Auto Loader is a Databricks-specific Spark resource that provides a data source called cloudFiles which is capable of advanced streaming capabilities. These capabilities include gracefully handling evolving streaming data schemas, tracking changing schemas through captured versions in ADLS gen2 schema folder locations, inferring schemas and/or defining schemas through schema hints. Auto Loader automatically creates an Event Grid subscription within a topic and there is an Azure limitation of 500 hundred subscriptions per topic. Since Auto Loader can be set up within Databricks by writing a few lines of code, how can we programmatically manage Auto Loader resources within a Databricks notebook?

Solution

Auto Loader automatically creates an Event Grid subscription and passes incoming files to a storage queue which is then read by a Databricks data frame via the cloudFiles source. The process of setting up Auto Loader involves running a few lines of code in a notebook after granting appropriate access to the necessary resources. Since there are numerous Azure Event Grid quotas and limits including 500 event subscriptions per topic, there are efficient methods of managing these subscriptions programmatically within a Databricks notebook to prevent some of these quotas and limits from being reached. In this article, you will learn about methods for managing Auto Loader resources. As a pre-requisite, ensure that you have created an Azure Data Lake Storage Account and container, loaded data into the container, created a Databricks Account, cluster and notebook, and ran the necessary Auto Loader cloudFiles scripts.

AutoLoaderFlow Auto Loader architectural flow diagram

Read a Stream

Once you register Auto Loader, run the spark.readStream command with the cloudFiles source, while accounting for the cloudfile and Additional options.
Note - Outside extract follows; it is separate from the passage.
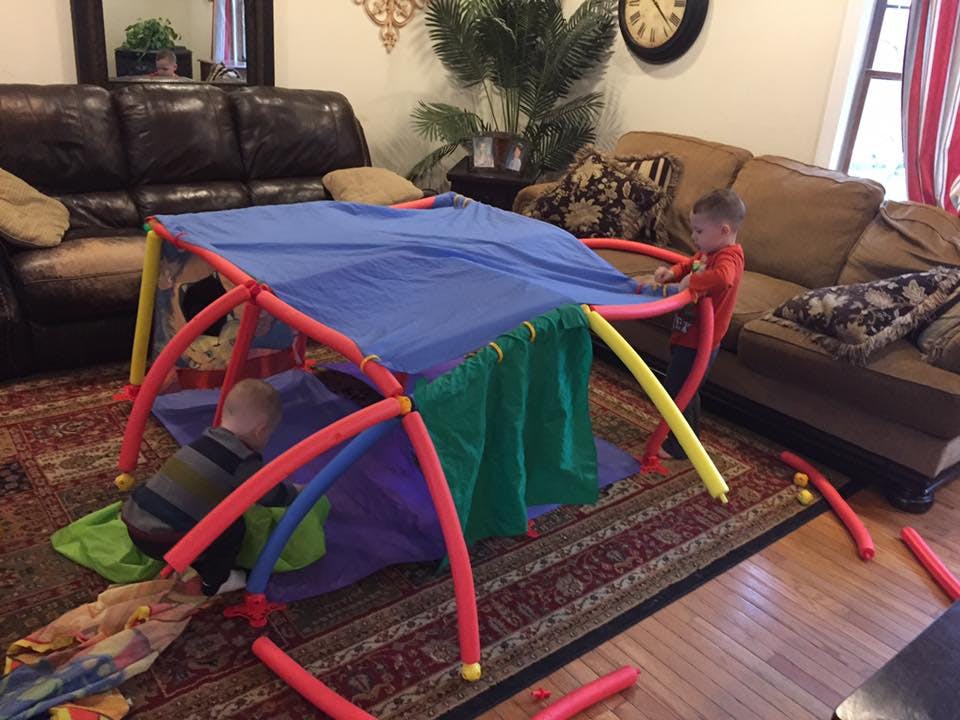 Child playing in a colorful indoor fort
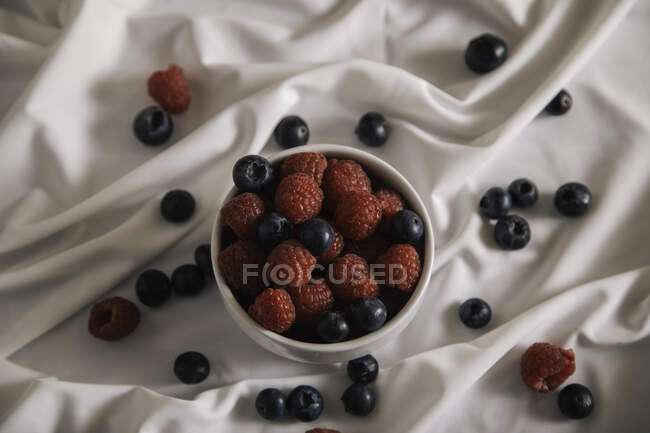 Draufsicht auf schmackhafte Himbeeren und Blaubeeren im Teller auf weißem Seidenstoff — Stockfoto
This will setup a data frame which will begin listening for streaming data within the defined ADLS gen2 folder path.

ReadStream Script to read stream in Databricks

Here is the readStream code that you will need to run by pre-defining the cloudFiles options and storage location mount point.

df = (spark.readStream.format("cloudFiles")
      .options(**cloudfile)
      .options(**AdditionalOptions)
      .load("/mnt/raw/Customer_stream/"))

For the purpose of visualizing the data, run the following df.display() command to get an understanding of the structure of the data that is being streamed into the data frame.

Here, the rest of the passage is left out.